I am new to working with taxonomic data. I denoised my data and now want to train my classifier using the SILVA database and assign taxonomy to my data. I have separate files for my 16S and 18S data.
I was wondering if I should filter the SILVA database first based on Bacteria and Eukaryota or is it better to filter based on my used primers?
I am currently trying to run the following script for my 16S data, but it does not work:
I'd suggest not removing eukaryote / 18S sequences from the reference database. These act as good decoy / outgroup reference reads for the classifier.
The reason for this is that many of the standard 16S primers can, and often do, amplify 18S (and other off target) sequences. Thus, it is good to keep these in so that you can remove any reads that are identified as such. Otherwise you might erroneously classify reads as Bacteria / Archaea, when they are in fact Eukaryotes.

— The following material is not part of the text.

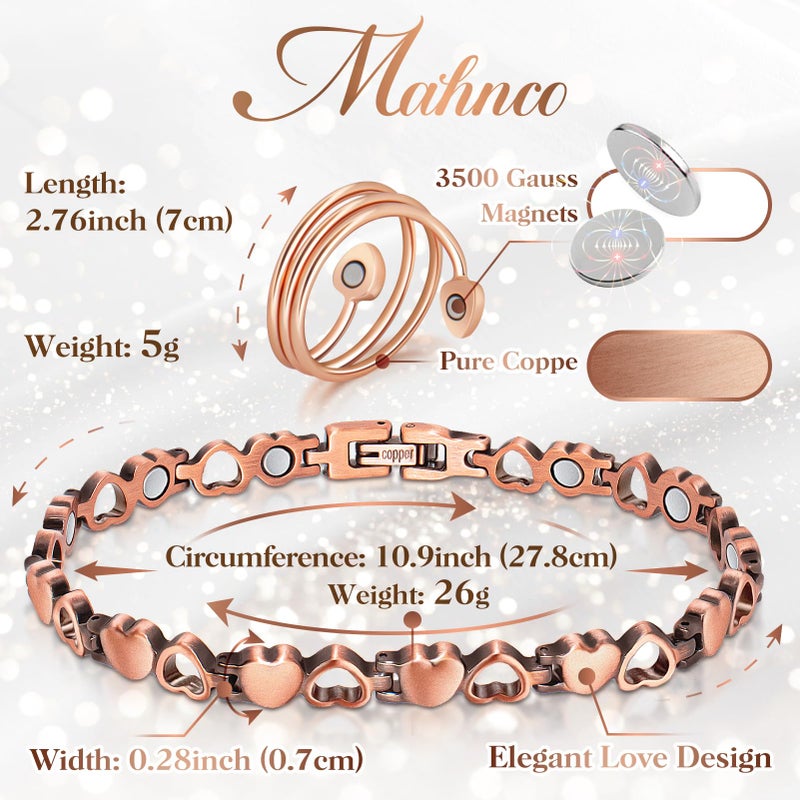 Mahnco Copper Anklet for Women Magnetic Copper Ankle & Lymphatic Drainage Ring with 3500 Gauss Magnets 100% Solid Pure Copper Jewelry Gift with Adjustment Tool - Image 3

As @colinbrislawn mentioned, please provide information about the types of errors you are running into.
Error: QIIME 2 plugin 'rescript' has no action 'filter-seqs-by-taxonomy'. Did you mean 'filter-seqs-length-by-taxon'?
"I'd suggest not removing eukaryote / 18S sequences from the reference database. These act as good decoy / outgroup reference reads for the classifier. " --> so Do I still need to filter or just make a classifier as follows:
qiime feature-classifier fit-classifier-naive-bayes \
--i-reference-reads silva-138-99-seqs.qza \
--i-reference-taxonomy silva-138-99-tax.qza \
--o-classifier classifier-silva-138-99.qza
The error message is telling you exactly why it's failing:
In fact, there is no such action called filter-seqs-by-taxonomy in QIIME 2. The action you are looking for is likely qiime taxa filter-seqs ....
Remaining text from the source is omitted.